I miserabili

A Napoli un bambino è morto a sei anni di povertà. Veniva dall’isola di Capo Verde, ma sapeva già
leggere e scrivere in italiano. Era educato, ordinato, molto pignolo, dicono le maestre. Amava il
disegno e sognava di fare l’ingegnere. Si chiamava Elvis, come l’eroe del rock. Lo hanno trovato
per terra, in una stamberga di venti metri quadri, i polmoni intasati dalle esalazioni di un piccolo
braciere. Da quando l’Enel aveva staccato la corrente che alimentava la stufetta elettrica, quel fuoco
improvvisato e velenoso era diventato l’unica fonte di riscaldamento di tutta la famiglia. Non c’era
altro calore, non c’era più cibo. Ed Elvis se n’è andato così, addosso alla madre agonizzante, la testa
appoggiata al ventre da cui era uscito sei anni prima per la sua breve e infelice partecipazione alle
vicende del pianeta Terra.

Mi sento totalmente inutile, come giornalista e come essere umano, perché mi tocca ancora
raccontare storie del genere, nel mio evoluto Paese.

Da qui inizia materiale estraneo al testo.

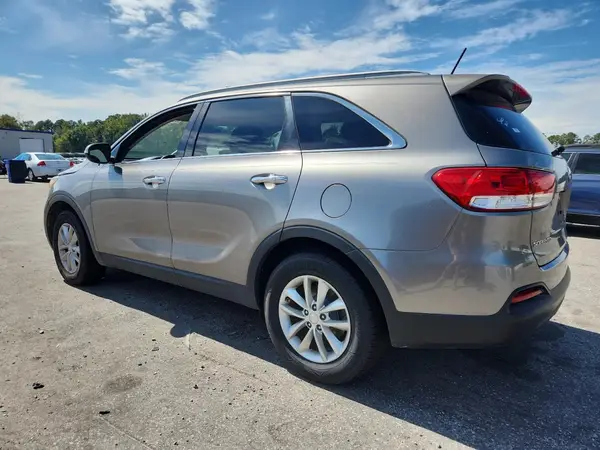 5XYPG4A32HG285509 2017 KIA SORENTO - Image 2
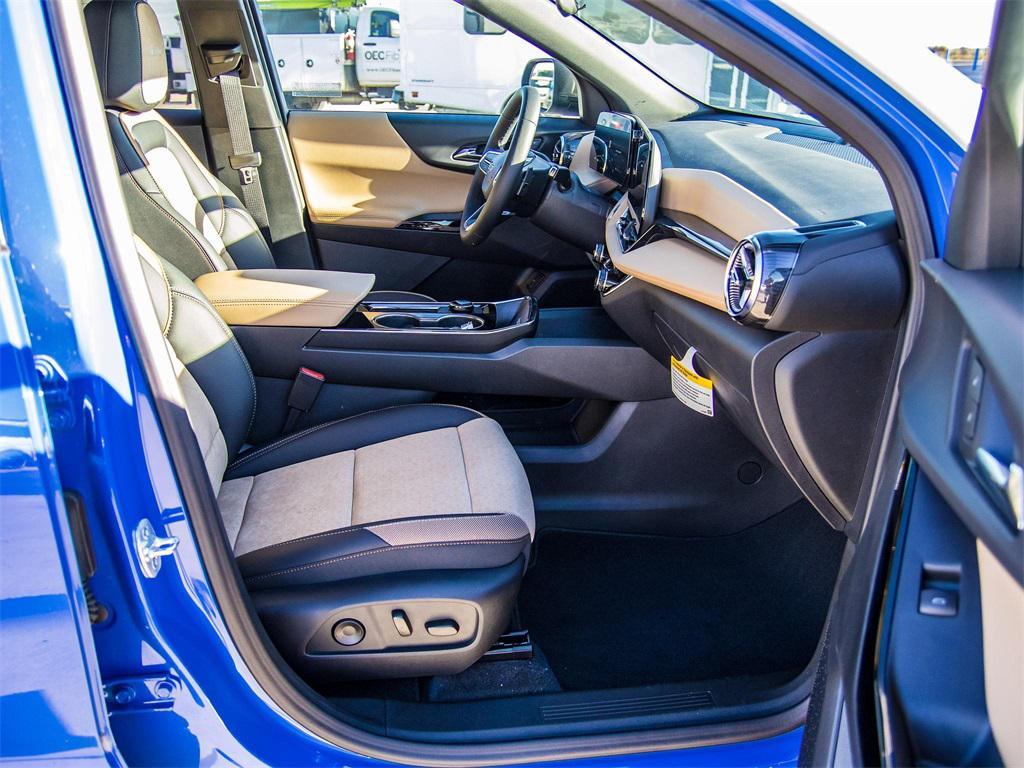 new 2026 Chevrolet Equinox car, priced at $35,345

Ci riempiamo la bocca, io per primo, di parole
superflue. Ci appassioniamo ai problemi di minoranze potenti e arroganti. E accanto a noi, in un
silenzio distratto, si consumano le disfatte degli umili e dei mansueti.
Persone come la mamma di
Elvis, che fino all’ultimo ha provato a raggranellare onestamente qualche soldo per la stufetta,
andando in giro a fare le pulizie. Il Bene ieri ha perso di brutto. L’importante è rendersene conto,
non distrarsi, non rassegnarsi, organizzare la riscossa.
Anche per Elvis, che tornerà a trovarci ogni
giorno, sulla faccia di tanti bambini uguali a lui.